Germany

Arno Borst

1996 Balzan Prize for History: Medieval Cultures

Through his diversified studies of great originality and depth, Arno Borst has given an enormous stimulus to research on medieval culture. His extraordinary ability to interpret the source material has enabled specialists as well as a wider range of readers to broaden their knowledge of a great period in the history of Europe.

The biography of Arno Borst (1925 – 2007) is not particularly rich in great worldly events. He began his studies in Göttingen immediately after the Second World War, attending the lessons of the Medieval scholar Percy Ernst Schramm and the Oriental scholar Hans Heinrich Schaeder. He completed his studies in 1951 with a dissertation entitled Die Katharer, a work of fundamental importance which immediately made him famous. He then passed the next ten years at Münster in Westphalia, under the guidance of Herbert Grundmann. In that period, he passed his university teaching degree with Turmbau von Babel, a work which represented The History of the Opinions on the Origins and the Multiplicity of Languages and Peoples. It has been calculated that for the actual writing of the six volumes which make up this work, approximately 10,000 books and research papers were consulted. Borst’s first assignment brought him to Erlangen, dose to his Franconian homeland.
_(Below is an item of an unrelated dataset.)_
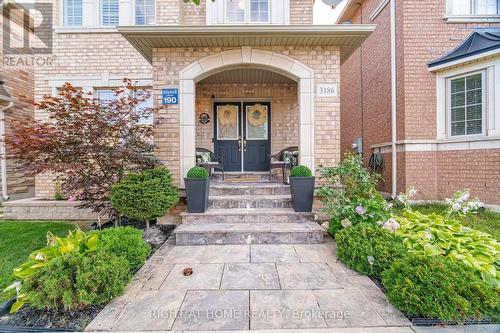 3186 ROBERT BROWN BOULEVARD  Oakville, ON L6M 0P2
Six years later, he moved on to Constance, where a new university had just been founded, and there, in that land laying on the borders of Germany, Switzerland, and Austria, he has remained until today, notwithstanding many enticing offers.

Borst has always carried out an active role in the administration of scientific research. He is a member of the central direction of the Monumenta Germaniae Historica, for example. Yet, his tendency is to remain isolated, dedicating himself to the life of a scholar, a researcher in a totally anomalous manner. This in itself explains the three principal characteristics of his work: its enormous bulk, the extraordinary meticulosity with which he returns to the original sources, and his brilliant style.

Borst is a first-rate historian of civilization, and his writings have taken into equal account all the European countries. He has repeatedly dedicated himself to those regions which were related to his academic whereabouts. Thus, his book on the legend of Sebaldo, patron of Nuremberg, was the product of his stay in Erlangen. In the same way, his first years of activity in Constance gave birth to Mönche am Bodensee, a collection of biographies which represents the respective protagonists in their religious and social-cultural context. Just before this, Borst had published his most famous book, Lebensformen un Mittelalter, an enormous survey which, on the base of chosen sources, examines all the fields of human existence, all the social diversifications, and the works of Medieval Europe. The series of his reference works are concentrated on a neglected aspect of medieval education: quadrivium mathematics. The first of these volumes is dedicated to the rediscovery of the Rithmimachia, a widely-diffused game of the Late Middle Ages. The series continues with studies on the astrolabe, an astronomical instrument, and on computus, the calculation of Time.

Borst has never drawn up a historiography. For him, all methods and theories are deeply tied to that which, one by one, became the object of his study. The singular individual, the singular case are at the central point of his interest. From every singular aspect, he seeks to penetrate the universal. He follows all phenomenon with careful reflection, while never over-stepping the bounds. He sees himself as an observer, capable of looking at things both dose up and with the necessary detachment. He has never failed to point out the distance between our times and the Medieval. At the same time, however, he has never lost interest in what the man of yesterday and the man of today have in common: the condicio humana.